Operators say oversaturation is killing small businesses and that legislators need to temporarily pause new licenses.
Last week, it was revealed that Minerva Canna and Sacred Garden — two legacy operators that have been a part of the New Mexico marijuana landscape since before adult-use legalization — are permanently closing down. The ubiquitous Ultra Health has reportedly shut down 20% of its stores across New Mexico.
There are other more modest businesses that are currently either going under or downsizing, such as Cinder.
“Cinder was relatively successful when it comes to sales in the market,” says Cinder Director of Manufacturing Mitch Anderson. “We’re ranked 216 out of 1,100, which means there’s 800 businesses behind us that are on their way out.”
Anderson says Cinder, a multi-state operator with experience in the industry, is closing all of its New Mexico locations. He says the market is oversaturated with licensees, and it’s making it hard for smaller operators to compete.
“We have to turn the license faucet off yesterday. Even when we turn that off, there will still be too many licenses out there,” Anderson says. “Businesses are going to be hit every day that we leave that faucet on.”
Anderson’s sentiment has been echoed throughout the industry since adult-use was legalized in New Mexico. According to state data, the CCD has issued more than 1,500 retail cannabis licenses since New Mexico started adult-use sales.
“There’s not a lot of room for anybody else,” Anderson says. “So big players that are well funded that can afford to bleed the rest of us out.”
Anderson says the sheer number of operators gives big businesses an advantage in navigating expenses that could tank a smaller business.

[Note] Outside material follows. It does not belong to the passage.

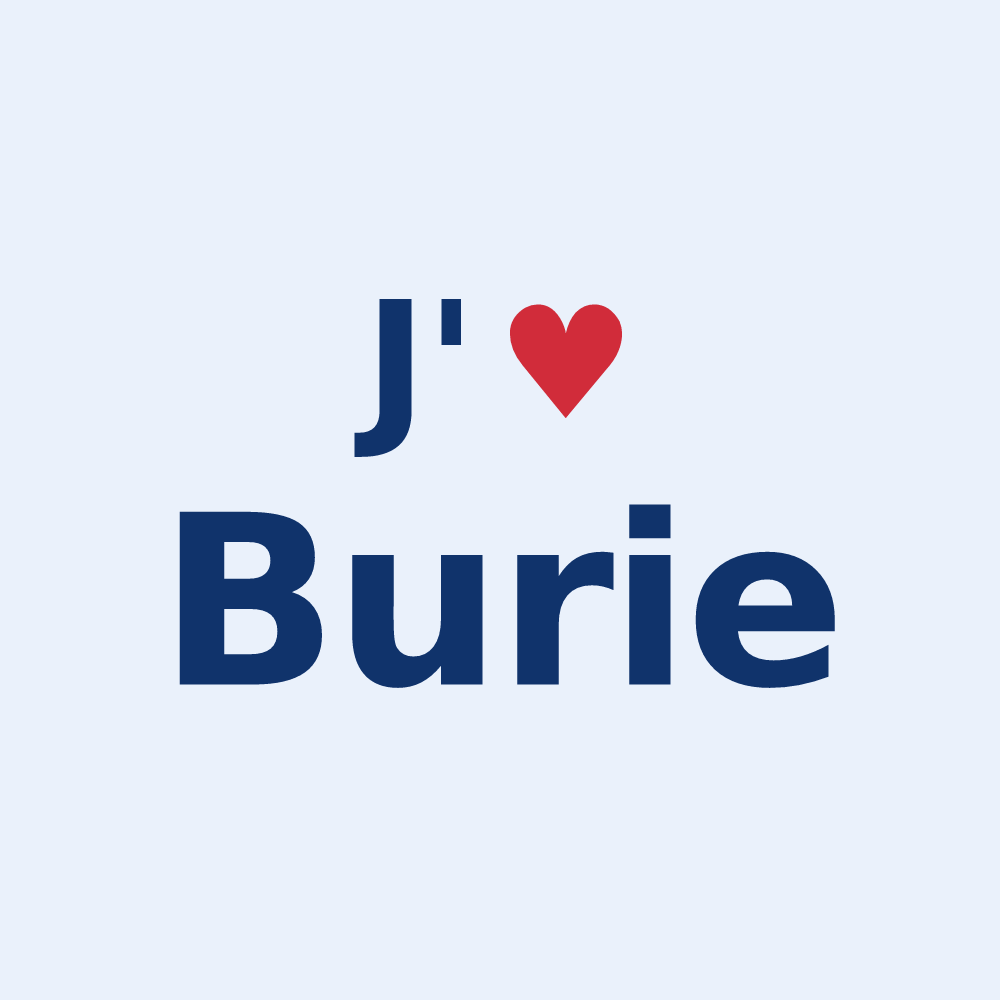 Sticker personnalisé Burie — design J'aime Burie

“When you’re small, you’re very fragile,” he says. “There’s a lot of complexities to some of the barriers that you can run into.”

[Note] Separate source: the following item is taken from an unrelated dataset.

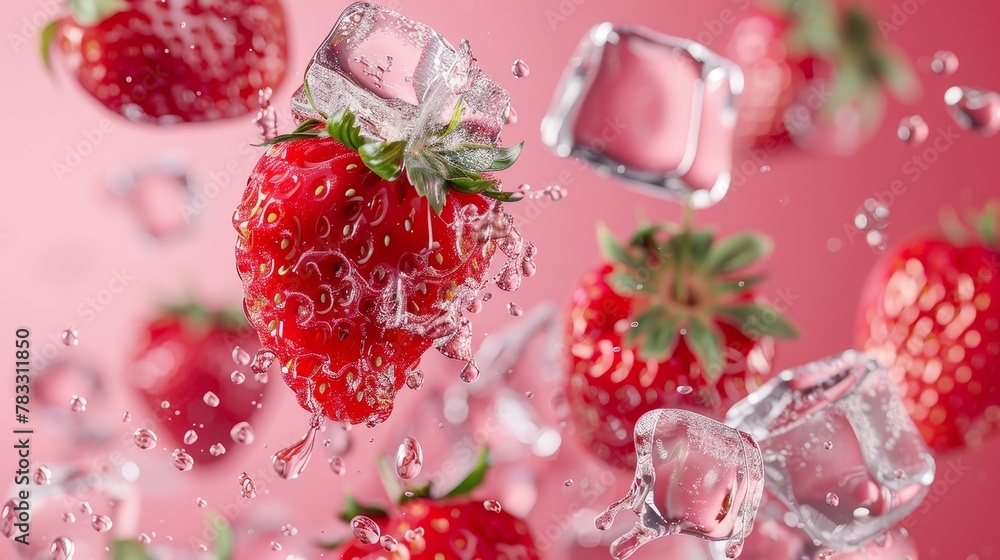 Juicy strawberries hovering in mid-air with icy accents and a pink background AI generated illustration Juicy strawberries hovering in mid-air with icy accents and a pink background AI generated illustration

He describes a time when Cinder voluntarily recalled some of its products after internal quality assurance testing found problems that had been missed by third-party lab tests.
“For us, that was a loss of $10,000 of product, and more than that in revenue,” he says. “Those kinds of things are hard to overcome.”

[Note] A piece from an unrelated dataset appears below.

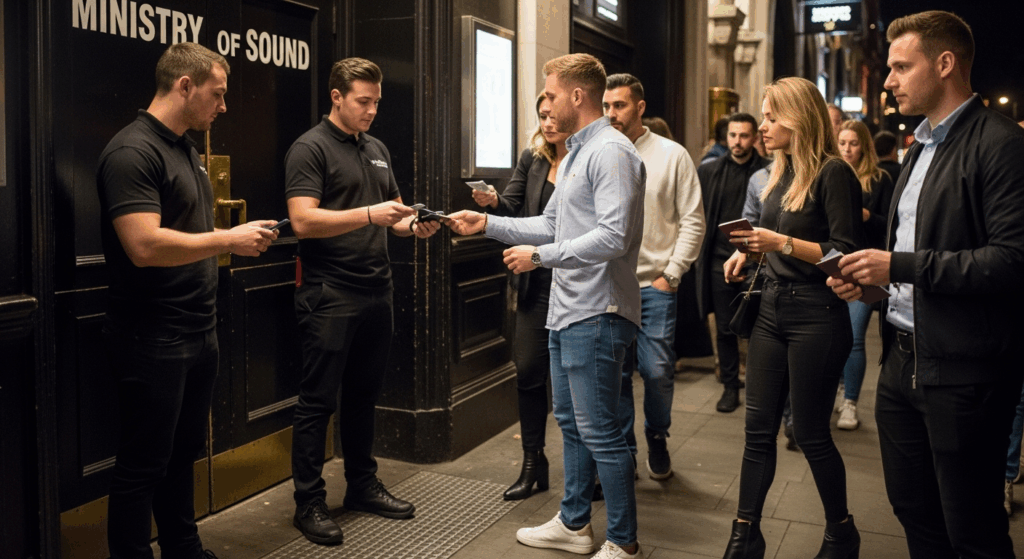 A night-time scene at the exterior entrance of the Ministry of Sound London nightclub. Two security guards dressed in black polo shirts are standing by the large black doors, inspecting identification cards and tickets held by a line of patrons. The guests are dressed in smart-casual attire, with a man in a light blue shirt and a woman in black standing at the front of the queue, preparing to enter the venue.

Weed businesses face unique hurdles that other industries don’t experience. Unlike other sectors, cannabis companies have limited access to business loans and are cut off from federal grants and opportunities. They also face steep taxes and high regulatory scrutiny.
But Anderson says the tax rates aren’t that bad.
“I think the tax rate is actually extremely reasonable,” he says. “But I also think that there should be a pause on tax payments. I think the tax rate is fair, but right now — where the cannabis economy is — it’s a burden.”
U.S. tax code Section 280E forbids businesses trading in Schedule I or II drugs from taking many business deductions. That means weed companies aren’t allowed to deduct normal business expenses like every other legitimate company.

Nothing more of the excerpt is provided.